● **Action item**
Retype exactly the lines of the listing below from the one with "Long Term Use of Quinacrine Drugs" through the last, both included, and leave every picture out.

● **Dataset extract**
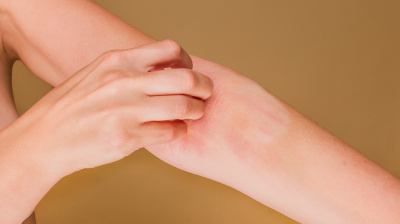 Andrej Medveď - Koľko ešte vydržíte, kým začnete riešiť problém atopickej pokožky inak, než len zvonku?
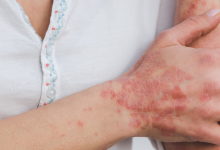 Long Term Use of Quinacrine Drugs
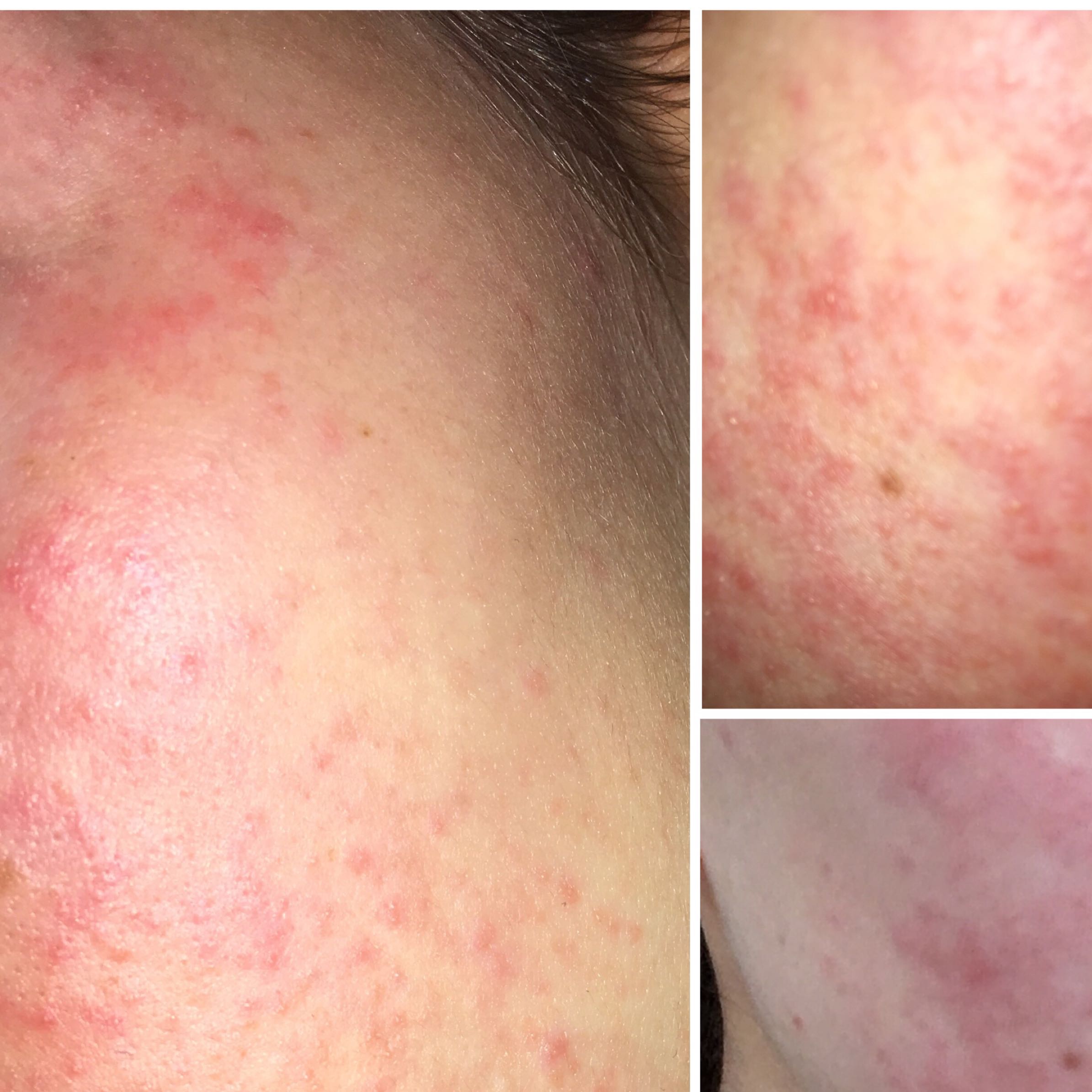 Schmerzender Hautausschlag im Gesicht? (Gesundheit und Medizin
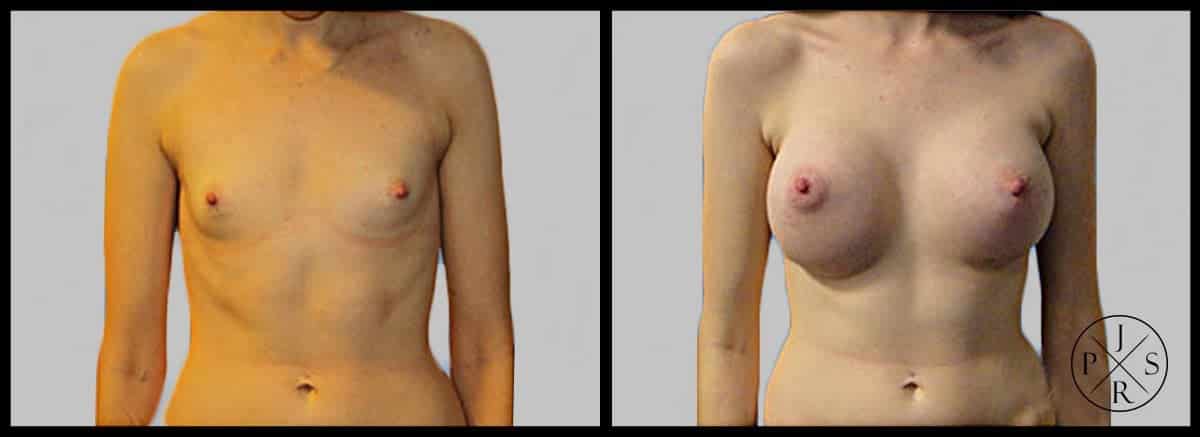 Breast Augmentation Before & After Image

● **Answer section**
 Long Term Use of Quinacrine Drugs
 Schmerzender Hautausschlag im Gesicht? (Gesundheit und Medizin
 Breast Augmentation Before & After Image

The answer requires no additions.